**What is required**
Retype, word for word, only the lines from the one containing "Part of glass" through the last line of the listing below. Pictures do not belong in the result.

**Information supplied**
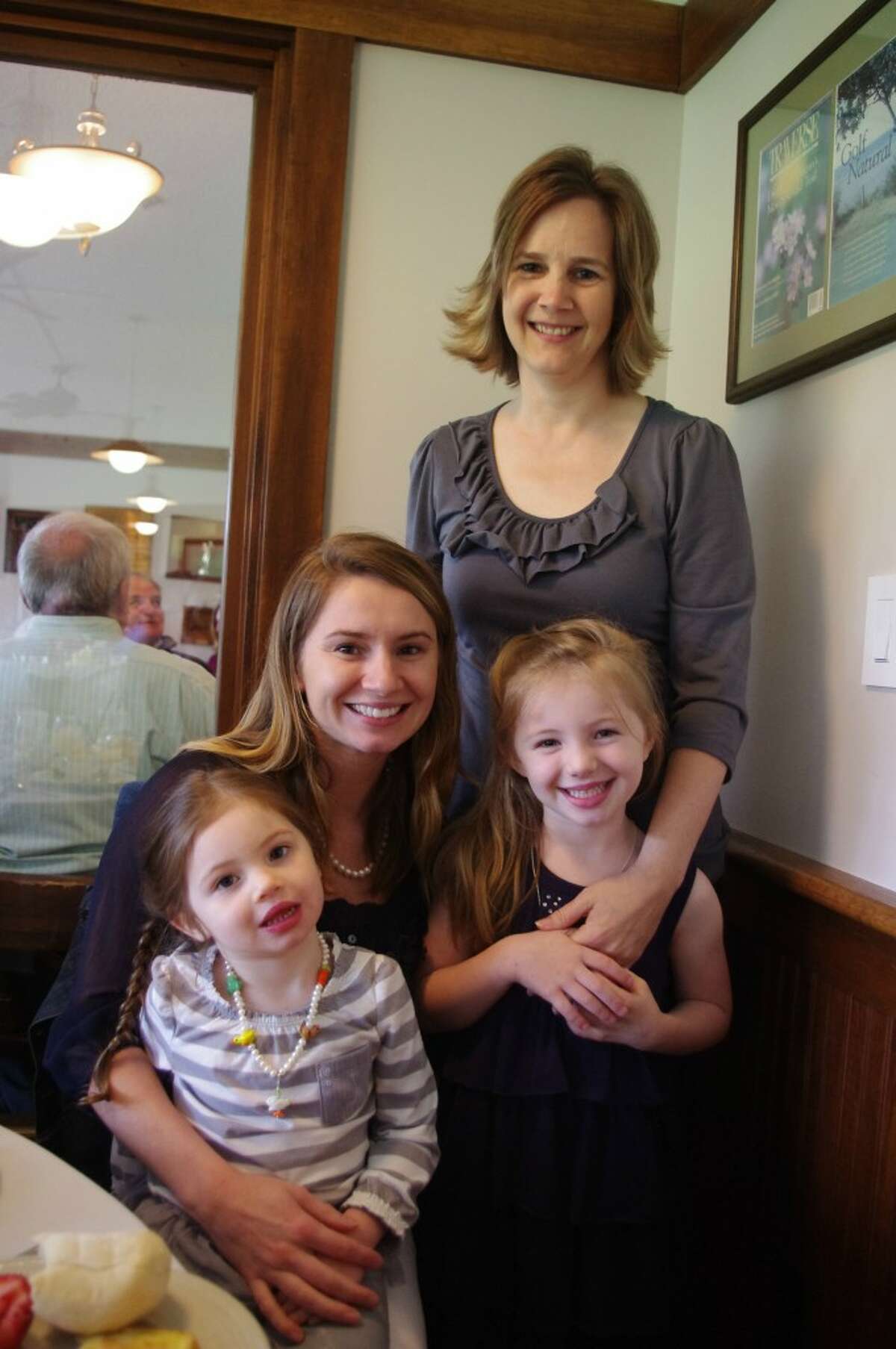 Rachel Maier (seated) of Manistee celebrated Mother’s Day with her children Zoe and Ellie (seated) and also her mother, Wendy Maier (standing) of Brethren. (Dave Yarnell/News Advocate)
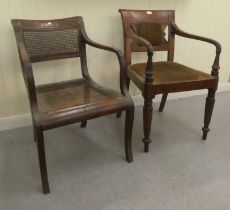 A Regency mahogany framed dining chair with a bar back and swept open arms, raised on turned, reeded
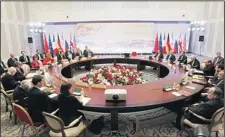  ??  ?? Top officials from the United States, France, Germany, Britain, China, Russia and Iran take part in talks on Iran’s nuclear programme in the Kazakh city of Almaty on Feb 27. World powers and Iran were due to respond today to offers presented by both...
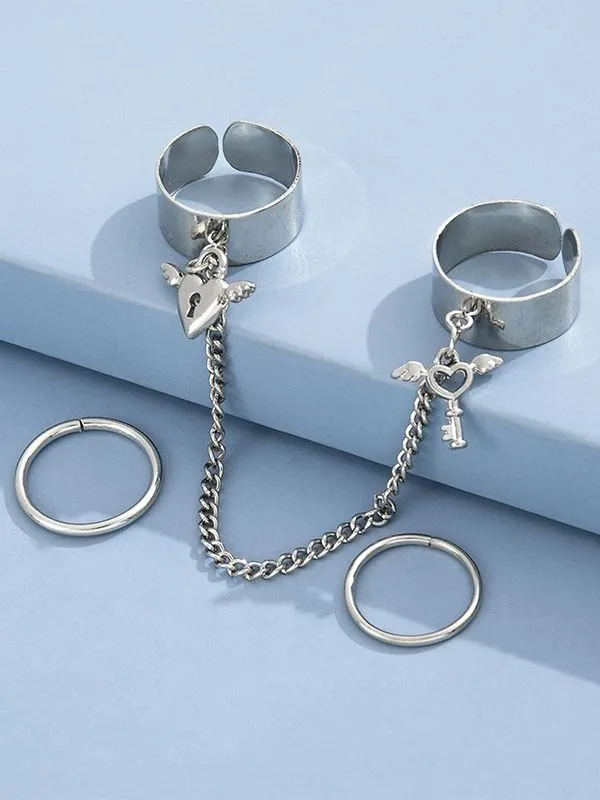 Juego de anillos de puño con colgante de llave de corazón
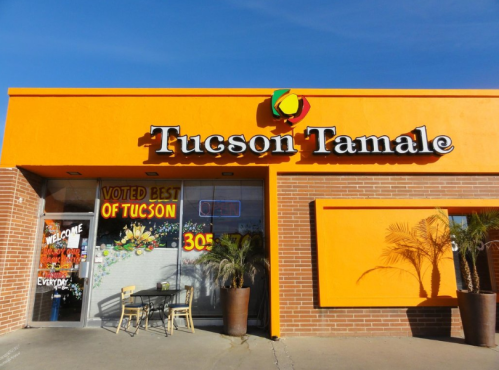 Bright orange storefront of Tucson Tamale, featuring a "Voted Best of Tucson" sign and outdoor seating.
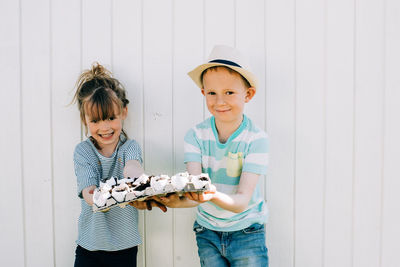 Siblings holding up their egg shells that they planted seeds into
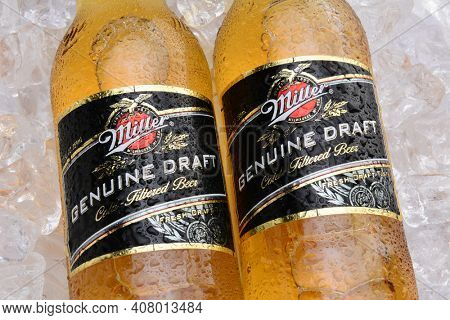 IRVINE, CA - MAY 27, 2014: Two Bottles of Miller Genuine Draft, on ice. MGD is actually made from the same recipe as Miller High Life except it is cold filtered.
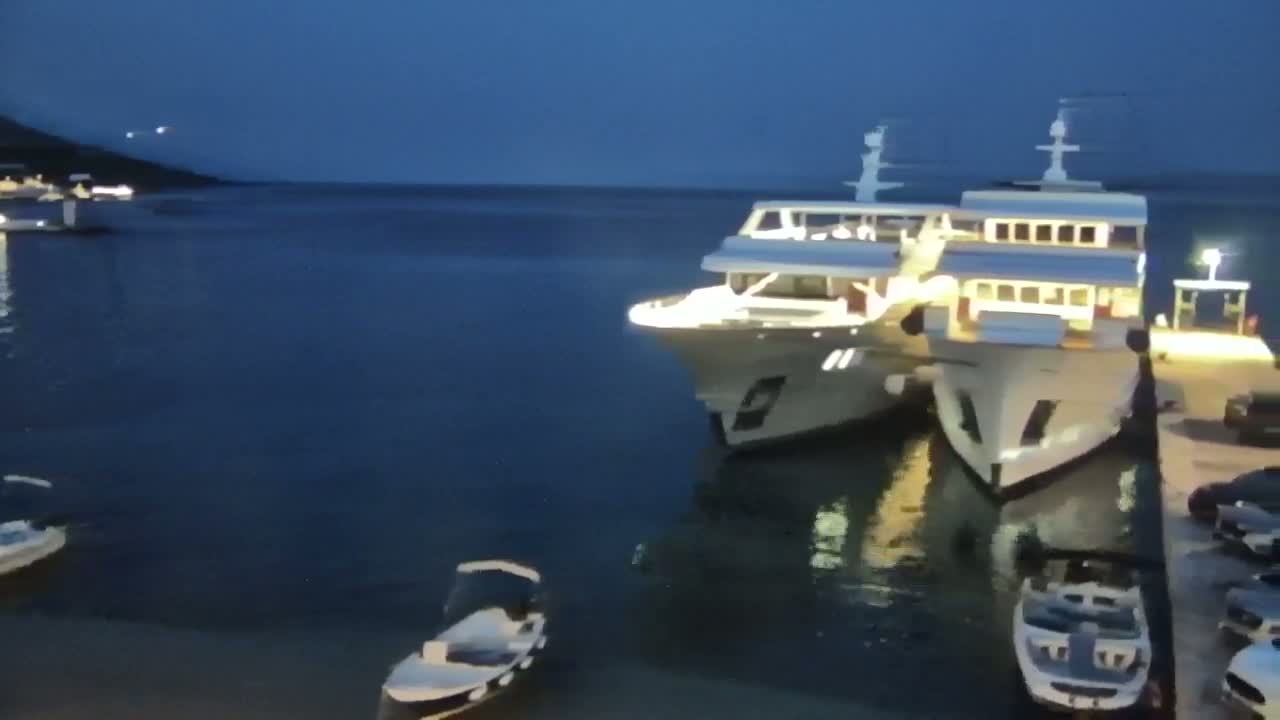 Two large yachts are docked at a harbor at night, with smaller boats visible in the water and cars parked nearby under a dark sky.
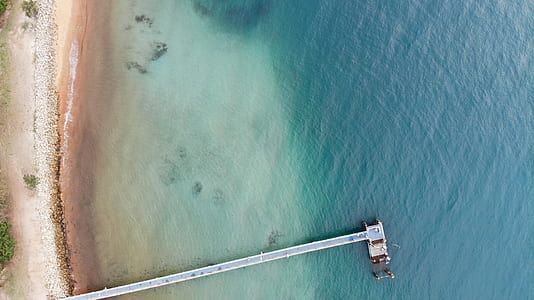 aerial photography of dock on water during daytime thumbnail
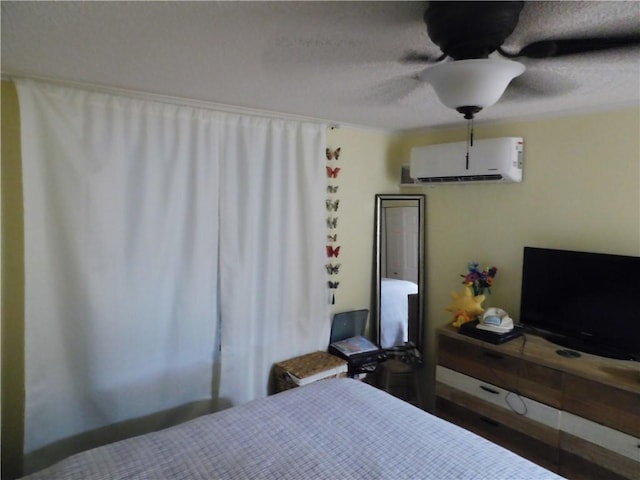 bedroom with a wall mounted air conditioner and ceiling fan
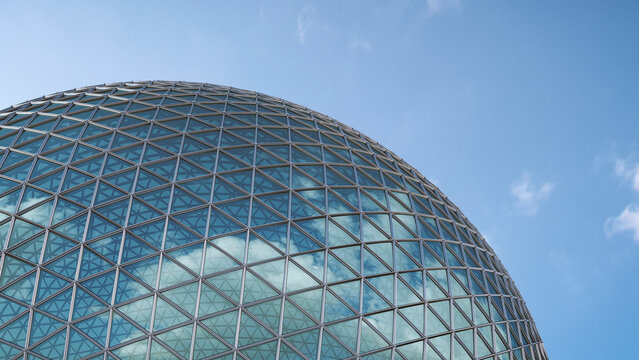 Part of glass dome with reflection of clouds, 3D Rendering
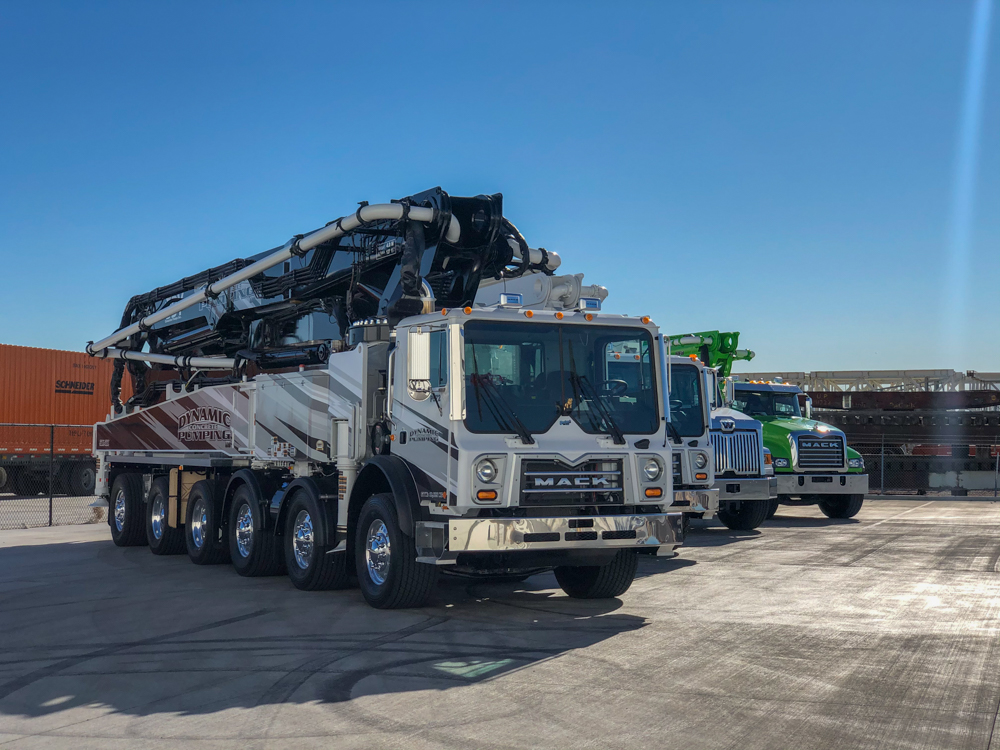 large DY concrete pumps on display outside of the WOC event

**Solution to this task**
 Part of glass dome with reflection of clouds, 3D Rendering
 large DY concrete pumps on display outside of the WOC event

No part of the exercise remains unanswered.